Victoria councillors have backed off a proposed change to garbage collection

With apologies to residents for breaking a promise, a majority on Victoria city council voted to keep backyard garbage pickup.

Coun. Marianne Alto said she felt “honour bound” to implement the garbage-collection option picked by the most residents in the city’s mail-in survey, as promised in December. She felt more swayed, however, by the need to find a balanced solution to this fractious issue.

On Thursday, council endorsed the second most popular survey option: Option B entails biweekly collection for $183 per household. Crews will collect totes in the backyard, but drop them off at the curb.

In the resident survey, 35 per cent voted in favour of this option, compared with 48 who voted for the $161 option A, entailing curbside pickup.

Two factors swayed council’s decision.

First, pressure from the workers’ union, CUPE Local 50, to preserve jobs. And second, an unforeseen complexity in interpreting the survey results. A roughly equal number of residents voted for curbside pickup (option A) and backyard pickup (vote split between service options B and C).

“The compromise being sought is actually right in front of us,” said Coun. Marianne Alto. “It’s option B … if the spirit of council is trying to accommodate a variety of different (concerns).”

It wasn’t the only compromise presented, however.

Both Coun. Shellie Gudgeon and Coun. Geoff Young presented ideas that melded aspects of option A and B. Neither won traction at the council table.

Young argued residents who want backyard pickup be offered the gold-standard service at an additional charge. The city has already promised a specialized service to anyone with a disability, he pointed out. It shouldn’t be difficult to extend this service to people who are willing to pay for it, he said.
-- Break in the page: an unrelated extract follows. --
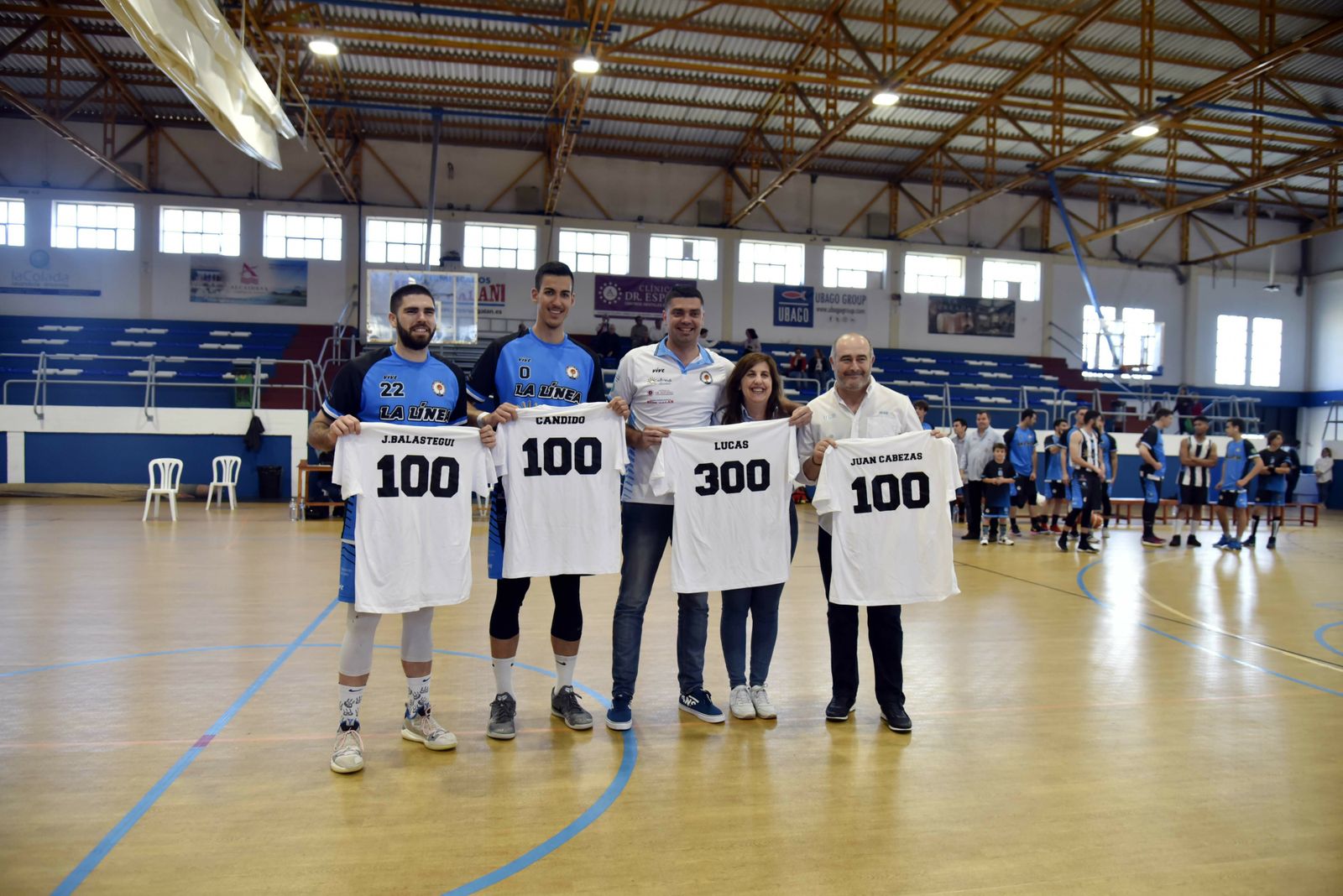 Balastegui, Matoso, Lucas Pérez, la presidente Silvia Pozo y Juan Antonio Cabezas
Gudgeon looked to Saanich for a solution.

That municipality offers side-yard pickup, meaning crews collect garbage totes that are within 10 metres of the curb and visible from the curb.
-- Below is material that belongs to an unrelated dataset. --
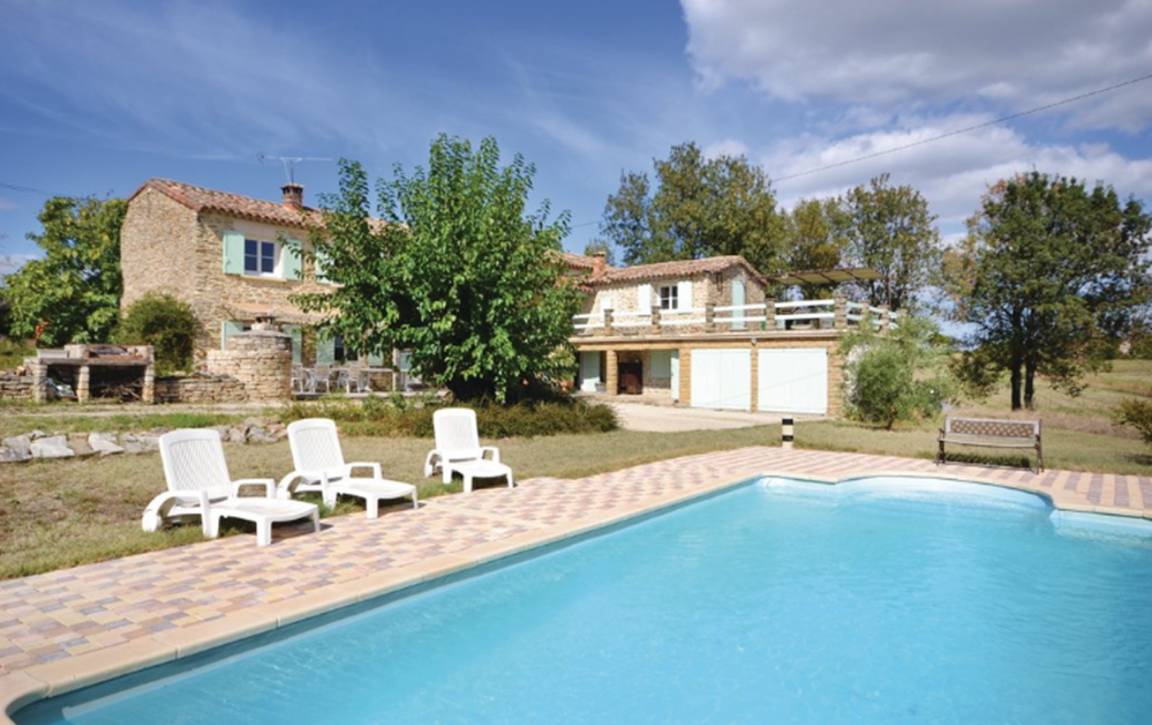 90 M² House ∙ 3 Bedrooms ∙ 6 Guests - Alès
It’s a compromise CUPE Local 50 supported.

“This is the best possible solution, since it has the potential to repair the relationship between the city and its staff … while seeking a compromise that will not alienate half the population,” said union representative John Burrows. “Sideyard service … literally brings the sides together, meeting halfway.”

Despite CUPE’s support for this option, seven of nine councillors endorsed Alto’s motion instead at the governance and priorities committee meeting.

Coun. Young and Coun. Coleman were opposed.

Coleman pointed out the city took “an awful lot of flack” after it surveyed its residents on the new Johnson Street Bridge design, but didn’t abide by the survey’s results.

Council needs to be “exceptionally clear” in any future public surveys that results will be used for information only, he said.